Anja Zandee-Dingemanse

De financiële gevolgen kunnen groot zijn. Vallen beleggingen in onroerende zaken in box 1, dan zijn de huuropbrengsten en de winst bij verkoop belast tegen het progressieve tarief, oplopend tot 52 procent. In box 3 is de belastingplichtige ‘slechts’ vermogensrendementsheffing verschuldigd, neerkomend op 1,2 procent inkomstenbelasting over de waarde van het vermogen.

In de Wet op de inkomstenbelasting 2001 is uitdrukkelijk bepaald dat het resultaat van beleggingen belast is als sprake is van inkomsten uit arbeidsactiviteiten die gericht zijn op het rendabel maken van vermogen op een wijze die normaal, actief vermogensbeheer te buiten gaat. Om de rechts­vinding richting te geven wordt in de wet een aantal activiteiten expliciet genoemd, zoals het uitponden van onroerende zaken, het in belangrijke mate door belanghebbende zelf verrichten van groot onderhoud of andere aanpassingen, of het door de belastingplichtige aanwenden van voorkennis of daarmee vergelijkbare bijzondere vormen van kennis. Maar dit zijn slechts voorbeelden en de genoemde activiteiten leiden zeker niet zonder meer tot belastbaarheid.

Arbeid

Iedere vorm van vermogensbeheer gaat gepaard met het verrichten van arbeid. Ook bij het beleggen in onroerende zaken is dat het geval. Zo zal de belegger contact hebben met huurders, de huur innen, huurovereenkomsten (laten) opstellen, et cetera. Deze arbeid is echter normaal vermogensbeheer. Van normaal vermogensbeheer is bij arbeid door de belastingplichtige geen sprake als die arbeid naar aard en omvang onmiskenbaar als doel heeft daar­mee een hoger rendement te behalen dan het rendement bij normaal vermogensbeheer. Jammer genoeg is moeilijk te zeggen wanneer de arbeid normaal is voor het vermogensbeheer en welke activiteiten het zijn die ervoor zorgen dat de grenzen van ‘normaal vermogensbeheer’ worden overschreden.

Geen lijn

Dat het lang niet altijd duidelijk is wanneer sprake is van meer dan normaal vermogens­beheer, blijkt ook uit de vele procedures die op dit gebied zijn gevoerd. De jurisprudentie laat allerlei voorbeelden zien van grensverkennend gedrag. Uit die zeer casuïstische jurisprudentie blijkt dat de feiten van groot belang zijn. Indicaties voor een belaste werkzaam­heid zijn bijvoorbeeld de snelheid van doorverkopen, het zelf verrichten en/of actief managen van verbouwingen, projectontwikkeling en splitsen en uitponden. Ook geldt dat hoe groter het aantal panden is, des te eerder sprake zal zijn van een belaste werkzaam­heid.

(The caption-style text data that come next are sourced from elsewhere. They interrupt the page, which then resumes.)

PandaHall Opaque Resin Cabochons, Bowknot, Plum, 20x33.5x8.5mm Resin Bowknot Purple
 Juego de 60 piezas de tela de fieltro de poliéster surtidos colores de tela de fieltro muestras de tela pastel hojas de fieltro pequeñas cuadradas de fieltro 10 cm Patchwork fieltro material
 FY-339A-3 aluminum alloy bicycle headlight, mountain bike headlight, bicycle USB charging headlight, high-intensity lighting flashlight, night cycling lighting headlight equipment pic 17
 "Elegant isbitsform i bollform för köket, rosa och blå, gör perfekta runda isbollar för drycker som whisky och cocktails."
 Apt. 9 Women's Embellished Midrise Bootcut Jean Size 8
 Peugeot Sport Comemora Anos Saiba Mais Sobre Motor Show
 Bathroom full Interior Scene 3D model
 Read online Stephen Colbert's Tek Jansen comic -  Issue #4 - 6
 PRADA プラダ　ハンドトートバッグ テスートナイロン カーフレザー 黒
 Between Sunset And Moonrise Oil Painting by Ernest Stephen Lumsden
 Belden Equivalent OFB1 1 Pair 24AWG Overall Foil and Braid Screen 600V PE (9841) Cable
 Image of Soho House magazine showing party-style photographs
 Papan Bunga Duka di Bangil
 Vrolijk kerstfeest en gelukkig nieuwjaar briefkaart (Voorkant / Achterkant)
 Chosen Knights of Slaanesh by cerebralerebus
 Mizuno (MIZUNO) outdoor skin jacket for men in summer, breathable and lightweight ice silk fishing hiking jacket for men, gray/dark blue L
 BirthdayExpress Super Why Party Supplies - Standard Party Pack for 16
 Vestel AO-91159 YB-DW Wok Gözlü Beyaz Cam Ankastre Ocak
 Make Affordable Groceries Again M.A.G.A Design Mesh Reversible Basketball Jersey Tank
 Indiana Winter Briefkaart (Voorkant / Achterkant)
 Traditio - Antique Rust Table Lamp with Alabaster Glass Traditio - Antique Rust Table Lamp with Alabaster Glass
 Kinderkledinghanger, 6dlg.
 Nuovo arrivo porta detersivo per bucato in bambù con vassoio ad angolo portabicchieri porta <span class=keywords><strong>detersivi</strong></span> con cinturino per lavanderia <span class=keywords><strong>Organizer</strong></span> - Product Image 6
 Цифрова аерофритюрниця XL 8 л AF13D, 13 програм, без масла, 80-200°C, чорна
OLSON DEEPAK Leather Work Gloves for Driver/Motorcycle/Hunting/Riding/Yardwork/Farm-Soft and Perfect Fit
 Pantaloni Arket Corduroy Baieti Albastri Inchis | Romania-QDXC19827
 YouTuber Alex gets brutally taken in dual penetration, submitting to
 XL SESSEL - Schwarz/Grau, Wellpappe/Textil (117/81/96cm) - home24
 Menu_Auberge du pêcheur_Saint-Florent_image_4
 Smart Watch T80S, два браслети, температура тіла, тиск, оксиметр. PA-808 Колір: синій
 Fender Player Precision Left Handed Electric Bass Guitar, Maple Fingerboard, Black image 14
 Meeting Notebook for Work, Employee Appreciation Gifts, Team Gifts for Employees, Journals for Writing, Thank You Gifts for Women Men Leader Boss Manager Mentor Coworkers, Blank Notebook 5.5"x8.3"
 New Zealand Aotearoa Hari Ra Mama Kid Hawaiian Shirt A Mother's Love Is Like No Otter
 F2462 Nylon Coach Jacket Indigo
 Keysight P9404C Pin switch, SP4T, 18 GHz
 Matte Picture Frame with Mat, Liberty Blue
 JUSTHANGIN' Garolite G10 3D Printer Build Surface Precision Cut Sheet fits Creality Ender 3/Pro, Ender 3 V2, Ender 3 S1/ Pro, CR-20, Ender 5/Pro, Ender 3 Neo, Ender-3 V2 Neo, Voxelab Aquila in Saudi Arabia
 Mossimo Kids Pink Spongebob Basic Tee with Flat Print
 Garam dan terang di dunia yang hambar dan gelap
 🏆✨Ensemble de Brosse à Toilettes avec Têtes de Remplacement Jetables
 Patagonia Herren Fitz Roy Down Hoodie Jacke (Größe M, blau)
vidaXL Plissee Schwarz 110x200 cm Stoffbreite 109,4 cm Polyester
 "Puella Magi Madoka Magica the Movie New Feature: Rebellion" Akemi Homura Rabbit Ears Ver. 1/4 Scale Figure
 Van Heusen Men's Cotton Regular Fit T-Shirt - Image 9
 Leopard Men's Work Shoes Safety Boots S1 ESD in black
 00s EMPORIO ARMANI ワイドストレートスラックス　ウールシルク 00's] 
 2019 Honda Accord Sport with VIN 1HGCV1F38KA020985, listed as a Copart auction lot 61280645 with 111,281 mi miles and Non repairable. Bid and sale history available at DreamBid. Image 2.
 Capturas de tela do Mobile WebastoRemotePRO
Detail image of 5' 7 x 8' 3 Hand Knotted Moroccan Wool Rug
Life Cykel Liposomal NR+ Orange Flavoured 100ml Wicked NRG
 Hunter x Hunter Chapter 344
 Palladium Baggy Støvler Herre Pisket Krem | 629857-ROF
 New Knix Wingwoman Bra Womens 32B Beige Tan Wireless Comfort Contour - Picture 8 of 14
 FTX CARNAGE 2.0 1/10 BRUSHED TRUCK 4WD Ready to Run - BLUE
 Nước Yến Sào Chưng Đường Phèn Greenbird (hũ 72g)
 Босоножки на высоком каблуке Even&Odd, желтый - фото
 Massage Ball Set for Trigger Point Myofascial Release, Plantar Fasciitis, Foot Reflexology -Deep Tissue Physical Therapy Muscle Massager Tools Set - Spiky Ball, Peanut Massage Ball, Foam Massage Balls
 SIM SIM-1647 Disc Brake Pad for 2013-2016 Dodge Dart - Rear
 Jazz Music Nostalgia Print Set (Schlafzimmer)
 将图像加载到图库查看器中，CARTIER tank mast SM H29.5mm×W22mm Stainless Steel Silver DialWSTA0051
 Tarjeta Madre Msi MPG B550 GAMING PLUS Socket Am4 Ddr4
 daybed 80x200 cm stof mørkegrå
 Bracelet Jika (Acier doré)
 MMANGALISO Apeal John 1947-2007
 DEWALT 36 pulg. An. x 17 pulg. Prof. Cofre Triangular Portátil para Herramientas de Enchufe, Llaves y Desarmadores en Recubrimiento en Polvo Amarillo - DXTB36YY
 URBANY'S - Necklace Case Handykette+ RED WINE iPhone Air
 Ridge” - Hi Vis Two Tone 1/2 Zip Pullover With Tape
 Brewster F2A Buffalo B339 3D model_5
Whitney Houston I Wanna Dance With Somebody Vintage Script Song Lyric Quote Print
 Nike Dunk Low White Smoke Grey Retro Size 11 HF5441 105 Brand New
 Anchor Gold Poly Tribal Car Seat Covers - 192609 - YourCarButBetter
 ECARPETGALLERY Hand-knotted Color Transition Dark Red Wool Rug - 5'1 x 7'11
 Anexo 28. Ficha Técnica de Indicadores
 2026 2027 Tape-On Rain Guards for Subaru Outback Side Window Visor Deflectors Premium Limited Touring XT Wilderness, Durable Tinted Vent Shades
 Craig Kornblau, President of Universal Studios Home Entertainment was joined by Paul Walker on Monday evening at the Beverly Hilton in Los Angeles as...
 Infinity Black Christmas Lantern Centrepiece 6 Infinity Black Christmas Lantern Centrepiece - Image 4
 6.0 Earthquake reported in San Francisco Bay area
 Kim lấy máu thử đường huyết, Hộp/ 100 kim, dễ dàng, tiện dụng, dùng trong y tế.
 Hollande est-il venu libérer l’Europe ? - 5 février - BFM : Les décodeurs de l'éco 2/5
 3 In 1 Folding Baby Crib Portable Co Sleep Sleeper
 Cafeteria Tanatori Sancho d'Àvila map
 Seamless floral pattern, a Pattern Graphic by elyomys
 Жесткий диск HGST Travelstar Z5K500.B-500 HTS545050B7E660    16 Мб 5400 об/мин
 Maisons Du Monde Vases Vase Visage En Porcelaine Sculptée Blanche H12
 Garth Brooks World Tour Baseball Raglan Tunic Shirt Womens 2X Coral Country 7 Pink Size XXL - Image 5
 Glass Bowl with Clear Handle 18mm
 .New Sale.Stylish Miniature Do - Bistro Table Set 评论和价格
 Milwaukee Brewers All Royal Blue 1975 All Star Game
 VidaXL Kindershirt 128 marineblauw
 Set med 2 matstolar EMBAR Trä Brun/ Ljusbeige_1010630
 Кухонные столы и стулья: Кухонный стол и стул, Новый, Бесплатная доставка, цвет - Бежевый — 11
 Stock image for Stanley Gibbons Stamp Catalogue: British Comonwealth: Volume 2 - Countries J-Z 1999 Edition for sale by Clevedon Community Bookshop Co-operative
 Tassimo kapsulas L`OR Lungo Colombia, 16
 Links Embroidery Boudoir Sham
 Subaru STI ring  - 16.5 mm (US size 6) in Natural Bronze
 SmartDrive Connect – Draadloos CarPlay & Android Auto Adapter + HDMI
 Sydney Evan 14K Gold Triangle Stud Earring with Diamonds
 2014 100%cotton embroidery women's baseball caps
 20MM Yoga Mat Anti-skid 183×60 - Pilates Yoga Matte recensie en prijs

In de jurisprudentie is geen lijn te ontdekken wanneer bij het beleggen in onroerende zaken  sprake is van normaal vermogensbeheer en wanneer niet. De feiten en omstandigheden van elk individueel geval moeten daarom telkens opnieuw worden beoordeeld. Dat is een lastige opgave en in de belastingpraktijk is het begrip vermogensbeheer dan ook vaak onderwerp van discussie. Rond de begrippen ‘uitponden’ en ‘voorkennis’ geldt dat zeker.

Steeds toetsen

Bij het uitponden van onroerende zaken kan gedacht worden aan het kopen van een complex van onroerende zaken, of het splitsen van een onroerende zaak in appartementsrechten, om vervolgens de afzonderlijke delen voor een hogere prijs door te verkopen. Het uitponden van onroerende zaken is in de wet genoemd als een voorbeeld van het rendabel maken van vermogen op een wijze die normaal, actief vermogensbeheer te boven gaat. Maar voor belastingheffing in box 1 moeten dan wel werkzaamheden zijn verricht die onmiskenbaar zijn gericht op het behalen van – redelijkerwijs te verwachten – voordelen die het bij normaal actief vermogensbeheer te verwachten rendement te boven gaan.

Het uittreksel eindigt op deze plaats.